Não se trata de classificar que a dependência da China seja pior ou melhor do que a dependência dos Estados Unidos. O ideal é não ficar nas mãos de economias maiores. No entanto, a América Latina é, hoje, uma das principais arenas da disputa sino-americana — e, nesse cenário, os estadunidenses vêm claramente perdendo terreno. “Atualmente, os Estados Unidos não conseguem mais gerar dependência em outros países. A viabilidade de linhas de crédito é mais difícil, burocrática e gera antagonismo na política interna. A agenda deles tem sido imigração ilegal e narcotráfico, o que gera uma antipatia nos líderes da região”, explicou Aragão. Para citar um exemplo na prática, o agronegócio brasileiro já depende da China. “A bancada ruralista foi o principal lobista da Huawei no leilão do 5G no Brasil. O embaixador chinês convidava membros da bancada e deixava relativamente claro que poderia haver inspeções sanitárias não programadas”, contou. 

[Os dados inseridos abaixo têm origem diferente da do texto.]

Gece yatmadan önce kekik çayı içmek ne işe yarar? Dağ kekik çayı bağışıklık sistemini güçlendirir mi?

A saída para ficar livre desse tipo de interferência seria diversificar as culturas e os compradores de produtos agrícolas brasileiros. “A Índia é uma possibilidade. Mas abrir novos mercados é difícil, demanda vontade e estratégia. O que estamos fazendo é cavando um buraco ainda maior, diminuindo outras culturas para aumentar a soja”, opinou o especialista. A China, por sua vez, trabalha para não se tornar dependente da soja brasileira, com acordos para o plantio na Tanzânia e na Mongólia. 

Dependência da moeda 

As tensões entre China e Estados Unidos estão relacionadas, também, com as guerras atuais. O isolamento da Rússia tornou o mundo ainda mais dependente das linhas de crédito de Pequim, que dá como garantia produções futuras de lítio, gás e fertilizantes. “A China ou compra tudo e consome internamente ou vende no comércio global. A Rússia se torna, assim, uma colônia comercial chinesa”, afirmou Aragão. E países que orbitavam na esfera russa, como Sérvia, consequentemente, acabam sofrendo influência chinesa. 

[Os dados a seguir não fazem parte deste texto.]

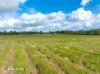 14 Lillypilly Place, The Palms, Qld 4570-Image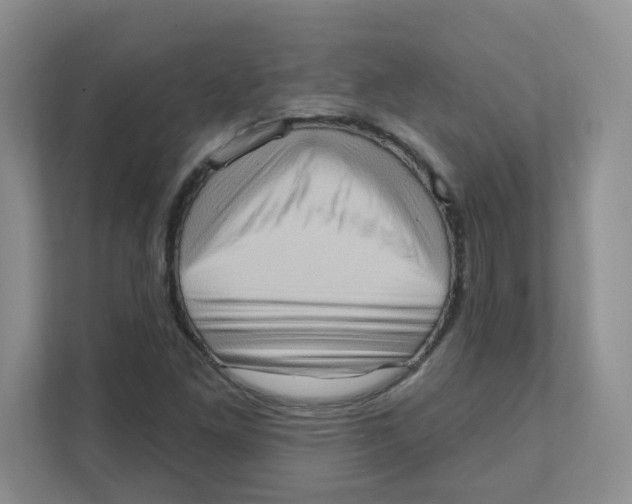 X0000111361261200907311005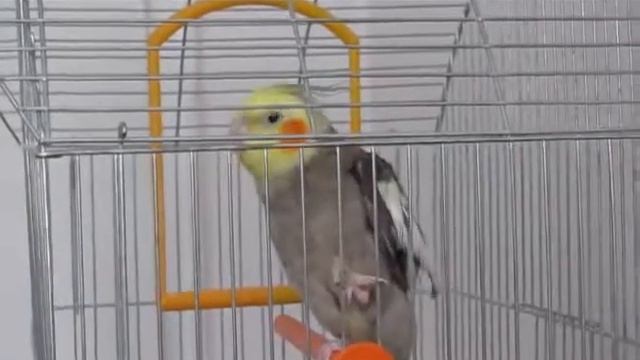 Koko govori 2 смотреть онлайн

Na guerra entre Israel e Hamas, além do óbvio embate histórico, Aragão ressaltou que a China influencia o Irã, que, por sua vez, influencia o Hamas. “A China seria o único país que poderia ter como forçar o Irã a mudar de posicionamento, porque este depende de vender o petróleo para a China e das linhas de crédito”, esclareceu.   As guerras, portanto, aceleram o processo de “yuanização” da economia global.

Durante a reunião, contudo, Rubens Medrano, presidente do Conselho de Relações Internacionais, lembrou que Jinping não “voa em céu de brigadeiro”, porque tem também desafios a resolver, como a desaceleração do crescimento interno. “Como é um governo ditatorial, não se consegue apurar a veracidade de muitas informações, mas sabemos que há problemas, como a crise no mercado imobiliário. A classe média cresce, o que muda as necessidades do país. A China tem suas vulnerabilidades”, ressaltou.

De fato, embora ainda opere numa prosperidade econômica, algumas mudanças políticas importantes trazem certos riscos, dentre eles, o aumento da centralização do poder e o autoritarismo do presidente. “Hoje, os Estados Unidos se ancoram mais na ideia de implosão do que explosão da China, até porque não têm capacidade de derrotar o antagonista na economia ou no comércio. Mas acreditam que ações internas, como prender ministros e membros das forças armadas, pode acabar colapsar o país”, avaliou Aragão.